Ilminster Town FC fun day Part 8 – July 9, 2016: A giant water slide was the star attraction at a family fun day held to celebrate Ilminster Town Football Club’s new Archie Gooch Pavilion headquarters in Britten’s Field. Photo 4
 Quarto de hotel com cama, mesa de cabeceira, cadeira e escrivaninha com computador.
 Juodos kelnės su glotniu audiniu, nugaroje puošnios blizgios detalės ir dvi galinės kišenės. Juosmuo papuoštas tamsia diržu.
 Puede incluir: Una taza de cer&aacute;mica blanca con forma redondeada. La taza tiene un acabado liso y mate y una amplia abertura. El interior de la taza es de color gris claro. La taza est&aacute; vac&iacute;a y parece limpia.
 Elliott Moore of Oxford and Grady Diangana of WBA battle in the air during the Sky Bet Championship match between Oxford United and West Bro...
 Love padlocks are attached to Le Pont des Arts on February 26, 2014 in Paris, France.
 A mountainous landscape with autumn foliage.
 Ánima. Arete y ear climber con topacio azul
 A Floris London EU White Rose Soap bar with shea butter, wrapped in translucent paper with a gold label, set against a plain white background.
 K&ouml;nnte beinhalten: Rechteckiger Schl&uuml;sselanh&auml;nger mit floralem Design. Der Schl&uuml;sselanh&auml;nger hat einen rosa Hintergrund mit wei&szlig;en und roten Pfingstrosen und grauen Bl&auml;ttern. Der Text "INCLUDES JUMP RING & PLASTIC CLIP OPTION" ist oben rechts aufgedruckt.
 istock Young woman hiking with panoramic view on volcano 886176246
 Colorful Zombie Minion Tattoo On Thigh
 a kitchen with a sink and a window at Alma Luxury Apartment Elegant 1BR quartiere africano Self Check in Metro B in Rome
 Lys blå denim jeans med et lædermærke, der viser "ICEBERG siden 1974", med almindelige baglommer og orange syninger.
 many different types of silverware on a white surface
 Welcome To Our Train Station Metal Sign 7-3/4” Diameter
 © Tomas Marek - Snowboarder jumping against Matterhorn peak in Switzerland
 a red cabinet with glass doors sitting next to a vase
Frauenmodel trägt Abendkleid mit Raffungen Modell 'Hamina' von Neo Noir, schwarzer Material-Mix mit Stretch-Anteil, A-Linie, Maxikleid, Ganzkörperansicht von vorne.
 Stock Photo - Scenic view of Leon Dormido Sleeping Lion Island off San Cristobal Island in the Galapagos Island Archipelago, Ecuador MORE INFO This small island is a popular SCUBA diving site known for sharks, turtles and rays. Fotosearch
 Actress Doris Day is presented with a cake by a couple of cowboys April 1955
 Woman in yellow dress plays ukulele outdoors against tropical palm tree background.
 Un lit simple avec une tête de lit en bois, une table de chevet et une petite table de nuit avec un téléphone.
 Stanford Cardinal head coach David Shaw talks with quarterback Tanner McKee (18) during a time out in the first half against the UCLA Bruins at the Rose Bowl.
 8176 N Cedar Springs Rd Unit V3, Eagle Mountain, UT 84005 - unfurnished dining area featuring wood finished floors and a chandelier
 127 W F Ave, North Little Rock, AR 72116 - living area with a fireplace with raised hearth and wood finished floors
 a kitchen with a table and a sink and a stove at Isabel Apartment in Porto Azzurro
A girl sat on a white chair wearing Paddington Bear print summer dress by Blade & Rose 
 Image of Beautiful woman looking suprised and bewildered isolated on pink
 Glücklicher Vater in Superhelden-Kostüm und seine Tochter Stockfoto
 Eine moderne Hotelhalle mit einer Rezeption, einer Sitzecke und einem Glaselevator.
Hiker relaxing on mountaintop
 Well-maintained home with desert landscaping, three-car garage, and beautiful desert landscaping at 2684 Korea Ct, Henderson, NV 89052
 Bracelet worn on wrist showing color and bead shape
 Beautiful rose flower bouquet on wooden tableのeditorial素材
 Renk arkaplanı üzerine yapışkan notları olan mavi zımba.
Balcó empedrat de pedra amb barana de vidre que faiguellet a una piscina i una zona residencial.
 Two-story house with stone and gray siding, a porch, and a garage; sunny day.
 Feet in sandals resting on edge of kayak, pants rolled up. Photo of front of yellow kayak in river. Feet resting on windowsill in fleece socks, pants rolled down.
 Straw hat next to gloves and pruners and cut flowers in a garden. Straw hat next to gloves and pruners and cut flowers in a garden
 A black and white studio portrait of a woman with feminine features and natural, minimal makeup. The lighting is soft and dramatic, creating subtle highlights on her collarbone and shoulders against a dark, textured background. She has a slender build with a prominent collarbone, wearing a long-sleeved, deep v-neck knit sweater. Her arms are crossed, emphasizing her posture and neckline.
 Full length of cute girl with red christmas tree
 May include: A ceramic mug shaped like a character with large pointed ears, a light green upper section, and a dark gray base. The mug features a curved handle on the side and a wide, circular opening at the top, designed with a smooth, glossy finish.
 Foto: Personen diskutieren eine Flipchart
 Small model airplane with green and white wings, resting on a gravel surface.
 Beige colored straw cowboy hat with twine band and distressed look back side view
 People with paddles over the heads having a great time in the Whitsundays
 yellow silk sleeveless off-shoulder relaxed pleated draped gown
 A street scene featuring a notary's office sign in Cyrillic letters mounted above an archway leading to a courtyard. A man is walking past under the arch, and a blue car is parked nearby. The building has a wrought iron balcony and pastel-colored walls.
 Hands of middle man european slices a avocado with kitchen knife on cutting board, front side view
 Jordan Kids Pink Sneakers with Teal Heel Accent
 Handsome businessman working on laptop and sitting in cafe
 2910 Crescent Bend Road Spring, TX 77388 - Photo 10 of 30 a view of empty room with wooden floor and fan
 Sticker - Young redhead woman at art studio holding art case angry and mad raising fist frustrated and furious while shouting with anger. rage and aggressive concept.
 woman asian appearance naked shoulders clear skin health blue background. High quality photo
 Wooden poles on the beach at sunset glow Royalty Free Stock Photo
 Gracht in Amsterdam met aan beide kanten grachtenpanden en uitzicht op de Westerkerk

Your task -> Beginning with the line containing "Bracelet worn on" in the material above, copy every line exactly until you have copied the line containing "Renk arkaplanı üzerine".

Solution to this exercise ->
 Bracelet worn on wrist showing color and bead shape
 Beautiful rose flower bouquet on wooden tableのeditorial素材
 Renk arkaplanı üzerine yapışkan notları olan mavi zımba.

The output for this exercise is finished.